Sadhika leaned her head back and looked up into the sky. Looking distant, and seemingly more just to herself than to the other three, she said: “I just made… the most important human discovery… that has ever been made since we first discovered that there was life anywhere in the universe other than Earth.”
“What have you found?” In-Su asked.
“It’s the same as Earth, the… the DNA system is the same, can you believe it!? That means that there is either a… a common panspermic source or… or a natural convergence! Either thought is, well…” she seemed too excited to be able to finish her own thought.
“…unimaginable.” In-Su thoughtfully answered for her.
“Right!” she exclaimed. “It’s the most important… most exciting human discovery in a quarter millennium!!”
“And you’re not even human…” In-Su remarked. Sadhika calmed a bit and thought about this. He was right. It was humans who made this discovery possible, but it was her, a simulation of a once living human, who had made the actual discovery. The issue had its roots in the very beginning of the space age, the question of whether cheaper robotic probes should explore space or whether fragile and expensive human missions should be prioritized.

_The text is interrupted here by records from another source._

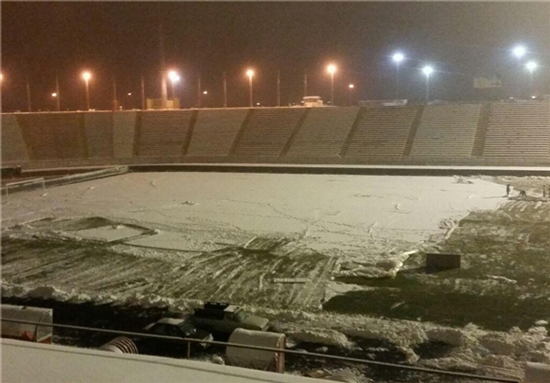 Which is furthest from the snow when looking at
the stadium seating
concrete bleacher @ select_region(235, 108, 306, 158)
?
the stadium seating

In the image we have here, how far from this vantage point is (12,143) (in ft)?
117

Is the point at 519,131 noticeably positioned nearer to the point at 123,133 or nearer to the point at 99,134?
the point at 123,133

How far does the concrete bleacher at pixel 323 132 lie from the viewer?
3347 centimetres

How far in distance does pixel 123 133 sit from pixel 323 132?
13.0 metres

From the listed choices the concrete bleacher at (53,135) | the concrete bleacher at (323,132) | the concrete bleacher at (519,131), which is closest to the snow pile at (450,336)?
the concrete bleacher at (519,131)

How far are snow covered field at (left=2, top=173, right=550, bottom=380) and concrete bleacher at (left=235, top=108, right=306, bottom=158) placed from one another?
1080 cm

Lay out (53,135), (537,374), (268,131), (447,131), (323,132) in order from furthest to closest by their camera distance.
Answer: (53,135), (268,131), (323,132), (447,131), (537,374)

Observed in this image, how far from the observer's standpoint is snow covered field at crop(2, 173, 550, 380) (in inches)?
353

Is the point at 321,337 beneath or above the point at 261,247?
beneath

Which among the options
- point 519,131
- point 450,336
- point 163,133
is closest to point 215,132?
point 163,133

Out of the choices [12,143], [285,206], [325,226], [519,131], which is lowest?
[325,226]

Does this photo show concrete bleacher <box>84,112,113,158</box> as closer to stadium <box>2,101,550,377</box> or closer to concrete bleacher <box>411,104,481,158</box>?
stadium <box>2,101,550,377</box>

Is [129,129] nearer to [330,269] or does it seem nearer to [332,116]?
[332,116]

“What does that mean?” Sadhika was left to wonder if this moment was some sort of handing of a torch over from life to its simulated creation, or if she was herself only an incredibly sophisticated instrument, and her role no different than the genetic scanner which had informed her of the experimental results. Or was she a ghost of one of the original mission founders, a vain echo or impression left on the mission so that the original Sadhika Sengupta could in some remote way be a part of the big moment? She was the focal point of one of the most pivotal moments in all of human history. Was she truly a part of the moment as a person? Or was she just fortunate enough to be some kind of witness or spectator to it? Could she really just be an instrument, only created to make this moment possible for other beings, the true architects of the mission and her existence?
“I don’t know.” In-Su replied, as though he were answering all of the questions in her head. In reality he was only answering her first spoken question. Internally though, he was asking himself all of the same questions Sadhika was asking herself.
“It means…” Neil offered, “that nobody can tell the story of humans anymore, without telling our story too. That’s what it means.”